Bakın yaşadığımız şehir Gaziantep.. Burada Kürt nüfusu hatırı sayılır derecede fazla.. Çoğunluğu şehrimize yerleşmiş, iş güç sahibi olmuş, hatta istihdam sağlamış Kürt vatandaşlar.. Ayrıca çalışmak için buraya göç edenlerin sayısı da hayli fazla.. Bu insanların yüzde 80-90'ının PKK acımasızlığından ve terörizminden rahatsız olduğunu söylememe gerek yok sanırım..  Aralarında elbette PKK sempatizanları ve destekçileri de var bunların.. Ama güvenlik güçlerimiz onlara zaten göz açtırmıyor..Bu şehirde pekala birlikte yaşıyoruz..  Biliyorsunuz, cumartesi ve pazar günü şehrin birçok bölgesinde tepki gösterileri yapıldı..Bunların büyük bir bölümü heyecanlı gençlerden oluşuyordu.. Ama artık onlar da bu işin bilincine varmış olacaklar ki, aşırıya kaçmadılar.. Sadece Kayaönü mahallesinde bir densizin yürüyüş yapanları tahrik etmesinden kaynaklanan tatsız olaylar oldu ama polisin zamanında müdahelesiyle olaylar büyümeden önlendi. İşte burada şunu da belirtmeliyim, şehitler için yürüyüş yapanlar demokratik haklarını kullanıyorlar. Ama onları tahrik edecek girişimde bulunanlar için aynı ifadeyi kullanamayacağım.. Ayrıca belirtmekte yarar görüyorum; MHP'nin Genel Başkanı Sayın Devlet Bahçeli'nin tutarlı politikasının rolü elbette büyük.. Mutlaka tepkisiz kalmayacağız, mutlaka tepkimizi göstereceğiz.. Ama bunların hepsinin de ülkeyi yönetenlere bir yol haritası olması gerektiğini düşünüyorum.. İşte orada biraz endişem var..Çünkü ülkeyi yönetenler davranışlarıyla, konuşmalarıyla adeta yangına körükle gidiyorlar.. Oysa Gaziantep bunu başarmış gibi..
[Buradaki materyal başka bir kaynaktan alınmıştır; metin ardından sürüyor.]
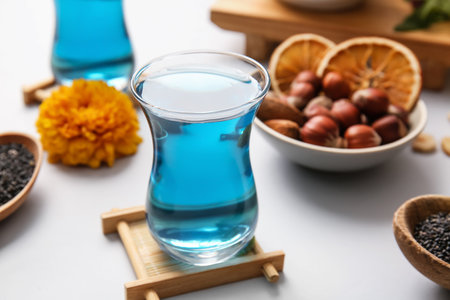 Cup of blue tea and nuts on light background, closeupの写真素材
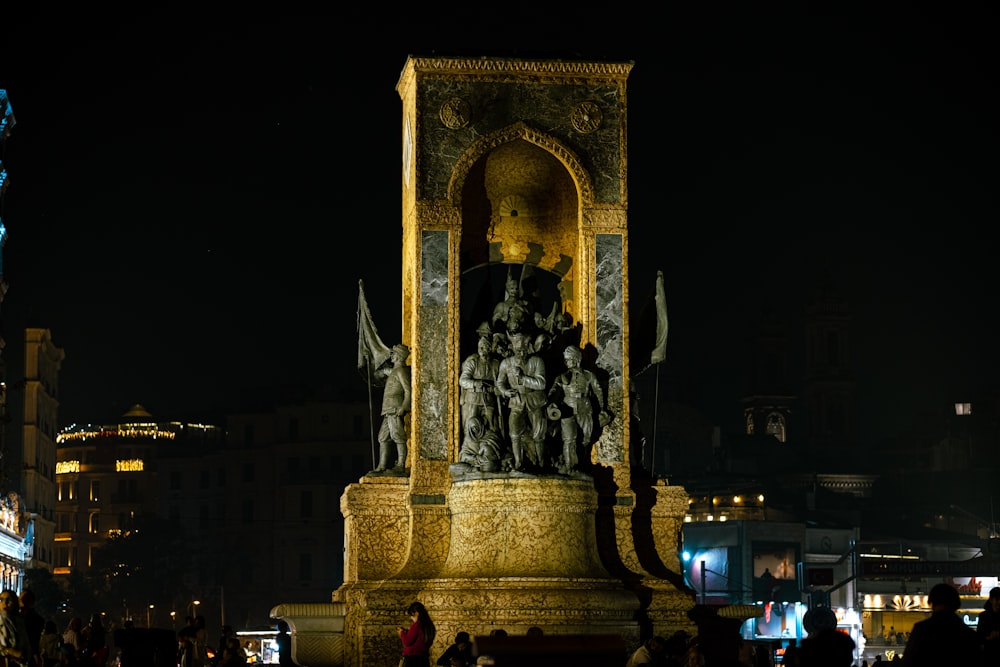 a clock tower with a statue on top of it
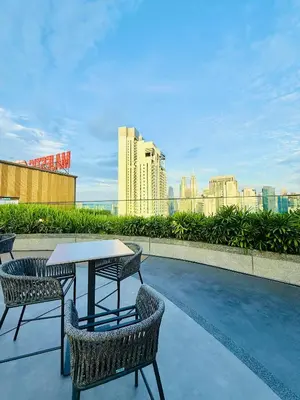 a table and chairs on a balcony with a city skyline at Majestic Residence KLCC By AFA in Kuala Lumpur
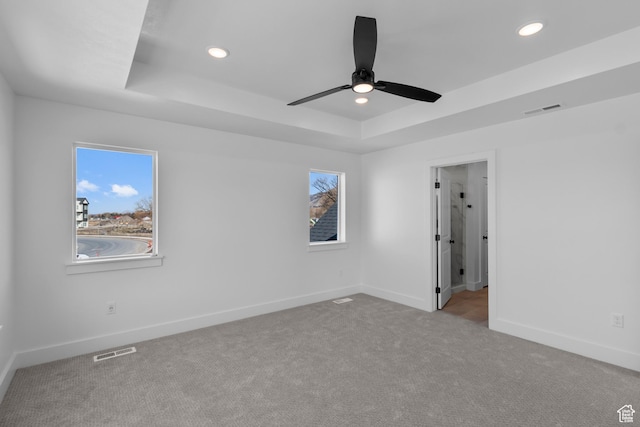 unfurnished bedroom with visible vents, multiple windows, a tray ceiling, and carpet floors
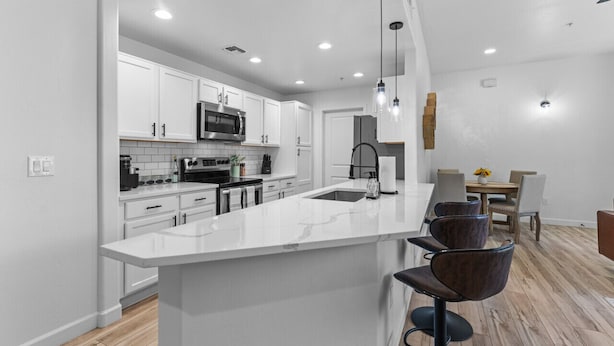 A modern kitchen with white cabinetry, a large island, and pendant lighting. - Upscale Southwest Style Condo Tucson (Tucson)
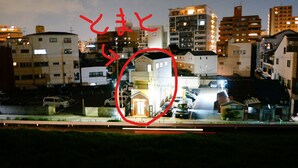 Un quartier résidentiel comprenant plusieurs immeubles, un parking et une petite maison, cette dernière étant mise en évidence par un cercle rouge.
YİRMİLİ YAŞLARDA KURULAN HAYALLER BUNLAR MI OLMALI

O zaman Gaziantep örneğini Türkiye geneline niye çekmeyelim.. Niye akan kanları durdurmak için harekete geçmeyelim.. Niye siyasetçilerimiz bu yolu denemezler, yıllardır bir türlü anlamış değilim.. Düsünüyorum, bakıyorum "kim niçin öldü, kimler ne için öldürdü?"diyorum kendi kendime.. Ama mutlaka birseyler yapabilmeliyiz. Çözümler üretebilmeli, karanlıktan çıkabilmeliliyiz.. Düsünün, bizler, yirmili yaşlarımızın başlarında, ne cok hayaller kurardık.. Hayat, ne kadar güzel bir yoldu önümüze uzanan.. Şimdi ise "neden?" diye soruyoruz. "Neden yaşamak yerine ölmek?" diyoruz, maalesef  kimseden cevap alamıyoruz.. Biliyoruz ki, herşey 24 askerimizin şehit edilmesiyle son bulmayacak.. Bundan sonra yine şehitlerimize ağlayacağız.. Yine gözyaşı dökeceğiz.. Ama bu ne kadar sürecek, işte hepimizi asıl düşündüren bu..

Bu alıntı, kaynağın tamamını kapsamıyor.